MacOS still retains the old FreeBSD behaviour from before 2005.
In 2005, there was a major change in the way that the FreeBSD kernel handled
#! at the start of an executable file passed to
execve(), to bring it more into line with some other operating system kernels, including Linux and the NetBSD kernel.
Commentary in the NetBSD kernel source code tries to paint this as a universal:
* collect the shell argument. everything after the shell name
* is passed as ONE argument; that's the correct (historical)
kern/exec-script.c. NetBSD. lines 189 et seq..
It actually is not.
Sven Mascheck did some testing about a decade ago and there are four basic behaviours, the AT&T Unix System 5 one having as much claim to being "correct historical" behaviour as the 4.2BSD one has:
- Ignore the characters (before 4.2BSD and AT&T Unix System 5).
- Pass the whole string in a single argument (4.2BSD, NetBSD, Linux and FreeBSD from 2005 onwards).
- Split the string up by whitespace and pass it as multiple arguments (FreeBSD before 2005 and MacOS).
- Split the string up by whitespace and pass just the first argument (AT&T Unix System 5 and Solaris)
I've only included the operating systems relevant to this answer in parentheses.
M. Mascheck checked a lot more, as did Ahmon Dancy in discussion of FreeBSD Problem Report 16393.
See the further reading for the full lists.
What brought things to a head in FreeBSD in 2005 was that, ironically, FreeBSD wasn't quite as simple as that.
It had had a change introduced that was intended to make things written in popular books about Perl actually work: arguments were skipped after a comment character.

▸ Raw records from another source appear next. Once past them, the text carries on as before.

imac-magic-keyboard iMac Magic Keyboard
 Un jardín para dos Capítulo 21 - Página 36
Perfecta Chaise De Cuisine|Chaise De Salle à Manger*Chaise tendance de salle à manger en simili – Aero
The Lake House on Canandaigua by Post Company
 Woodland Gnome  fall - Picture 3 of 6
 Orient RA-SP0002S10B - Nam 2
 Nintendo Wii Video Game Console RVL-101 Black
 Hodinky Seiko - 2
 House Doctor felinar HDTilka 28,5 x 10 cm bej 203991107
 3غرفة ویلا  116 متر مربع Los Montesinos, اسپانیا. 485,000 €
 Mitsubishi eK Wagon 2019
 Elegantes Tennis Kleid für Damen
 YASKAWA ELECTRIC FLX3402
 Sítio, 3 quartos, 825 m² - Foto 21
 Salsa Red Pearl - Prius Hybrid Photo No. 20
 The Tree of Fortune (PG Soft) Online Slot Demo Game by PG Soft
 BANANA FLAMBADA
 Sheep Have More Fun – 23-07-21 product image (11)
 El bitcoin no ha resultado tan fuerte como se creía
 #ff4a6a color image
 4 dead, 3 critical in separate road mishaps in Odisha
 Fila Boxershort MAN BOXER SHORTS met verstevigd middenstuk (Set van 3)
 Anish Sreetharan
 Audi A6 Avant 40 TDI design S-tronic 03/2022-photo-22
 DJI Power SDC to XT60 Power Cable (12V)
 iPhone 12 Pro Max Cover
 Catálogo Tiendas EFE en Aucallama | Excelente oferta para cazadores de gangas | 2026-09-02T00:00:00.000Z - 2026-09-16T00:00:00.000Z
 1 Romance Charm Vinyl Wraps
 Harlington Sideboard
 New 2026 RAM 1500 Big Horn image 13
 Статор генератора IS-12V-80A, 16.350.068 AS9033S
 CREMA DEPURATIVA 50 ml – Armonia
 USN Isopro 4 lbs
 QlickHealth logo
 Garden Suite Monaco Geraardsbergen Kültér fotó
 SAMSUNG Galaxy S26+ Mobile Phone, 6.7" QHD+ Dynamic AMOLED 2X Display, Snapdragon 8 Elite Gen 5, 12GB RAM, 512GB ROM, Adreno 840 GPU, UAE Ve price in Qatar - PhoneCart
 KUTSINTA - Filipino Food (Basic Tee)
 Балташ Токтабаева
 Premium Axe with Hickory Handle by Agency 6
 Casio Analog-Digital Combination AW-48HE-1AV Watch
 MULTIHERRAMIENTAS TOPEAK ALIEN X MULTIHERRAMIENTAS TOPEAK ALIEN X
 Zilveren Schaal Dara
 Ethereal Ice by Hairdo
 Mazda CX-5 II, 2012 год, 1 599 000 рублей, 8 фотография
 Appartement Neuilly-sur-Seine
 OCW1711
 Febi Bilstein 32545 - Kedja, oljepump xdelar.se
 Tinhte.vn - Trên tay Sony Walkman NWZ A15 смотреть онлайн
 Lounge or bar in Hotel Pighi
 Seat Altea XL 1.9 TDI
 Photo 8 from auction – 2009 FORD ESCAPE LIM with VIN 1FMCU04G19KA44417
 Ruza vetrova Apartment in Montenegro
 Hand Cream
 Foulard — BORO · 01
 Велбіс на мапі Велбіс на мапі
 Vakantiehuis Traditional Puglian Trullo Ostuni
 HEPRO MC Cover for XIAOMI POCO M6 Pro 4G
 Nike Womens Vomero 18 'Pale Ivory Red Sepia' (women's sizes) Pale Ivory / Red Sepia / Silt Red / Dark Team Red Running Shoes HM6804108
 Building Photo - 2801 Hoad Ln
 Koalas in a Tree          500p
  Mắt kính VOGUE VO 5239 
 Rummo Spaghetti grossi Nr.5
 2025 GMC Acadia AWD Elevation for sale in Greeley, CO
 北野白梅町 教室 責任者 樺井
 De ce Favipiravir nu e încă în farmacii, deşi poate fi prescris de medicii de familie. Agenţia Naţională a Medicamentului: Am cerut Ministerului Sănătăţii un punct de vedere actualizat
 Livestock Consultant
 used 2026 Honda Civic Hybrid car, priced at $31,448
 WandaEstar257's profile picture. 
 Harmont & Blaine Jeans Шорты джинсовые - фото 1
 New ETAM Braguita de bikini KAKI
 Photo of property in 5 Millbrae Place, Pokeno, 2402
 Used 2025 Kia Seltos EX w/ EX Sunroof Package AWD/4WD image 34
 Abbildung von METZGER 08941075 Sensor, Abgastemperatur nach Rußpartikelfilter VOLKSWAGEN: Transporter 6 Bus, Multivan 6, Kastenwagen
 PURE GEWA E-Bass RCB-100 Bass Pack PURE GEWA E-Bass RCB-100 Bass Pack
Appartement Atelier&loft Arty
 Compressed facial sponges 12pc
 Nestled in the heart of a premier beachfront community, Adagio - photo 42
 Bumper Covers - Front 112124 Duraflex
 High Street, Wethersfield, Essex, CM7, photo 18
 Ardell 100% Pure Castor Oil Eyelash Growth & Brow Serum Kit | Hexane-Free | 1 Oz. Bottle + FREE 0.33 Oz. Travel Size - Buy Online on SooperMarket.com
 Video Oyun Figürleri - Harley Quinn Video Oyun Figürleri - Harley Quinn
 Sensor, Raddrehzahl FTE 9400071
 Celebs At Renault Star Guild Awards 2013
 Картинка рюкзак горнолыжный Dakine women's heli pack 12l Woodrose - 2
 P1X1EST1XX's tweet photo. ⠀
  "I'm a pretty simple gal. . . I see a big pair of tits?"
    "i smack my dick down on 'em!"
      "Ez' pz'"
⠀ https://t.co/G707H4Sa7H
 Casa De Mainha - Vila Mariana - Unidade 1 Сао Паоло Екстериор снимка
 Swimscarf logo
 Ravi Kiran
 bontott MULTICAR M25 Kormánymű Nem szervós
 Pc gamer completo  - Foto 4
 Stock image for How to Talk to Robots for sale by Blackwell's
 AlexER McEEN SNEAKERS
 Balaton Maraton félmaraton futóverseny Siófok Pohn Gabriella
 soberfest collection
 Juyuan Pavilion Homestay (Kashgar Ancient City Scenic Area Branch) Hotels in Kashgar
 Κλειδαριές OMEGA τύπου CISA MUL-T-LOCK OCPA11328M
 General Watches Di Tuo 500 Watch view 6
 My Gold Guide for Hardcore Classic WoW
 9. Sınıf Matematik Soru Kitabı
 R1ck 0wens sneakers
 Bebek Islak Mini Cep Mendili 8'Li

The books had recommended things like:
#!/bin/sh -- # -*- perl -*-— Larry Wall, Tom Christiansen, Jon Orwant (2000). Programming Perl: 3rd Edition. O'Reilly Media. ISBN 9780596000271. p. 488.
PR 16393 in 2000 was a way of making the kernel handle executable Perl scripts, written in the way that Larry Wall no less had said would work.
However, it broke other stuff and didn't completely work.
There was some back and forth on this.
Finally, in 2005 the mechanism to make Larry Wall et al.'s idea work was moved out of the kernel, which was made to behave compatibly with Linux, NetBSD, and 4.2BSD (rather than Solaris and AT&T Unix System 5) and made the responsibility of
The behaviour since 2005 has thus been that the shell gets three arguments, the second argument being the entire tail of the
#! line, and invoking your script directly with
execve() is effectively the same as invoking:
sh '-eufo pipefail' ./script
It should be fairly obvious why the Almquist shell (which is what
sh is on FreeBSD) is thinking that
./script is the option argument for the
-o option, and that it is treating the
pipefail part as further single-letter options collected behind
- (which it hasn't got around to processing yet).
An also obvious alternative is to have
set -o pipefail as the first command in the script, as pointed out at https://unix.stackexchange.com/a/533418/5132 for the Bourne Again shell.
This was only added to the FreeBSD Almquist shell in 2019, however and thus is only available in very recent versions of FreeBSD.
(The Debian Almquist shell has not yet had it added, as of 2020.)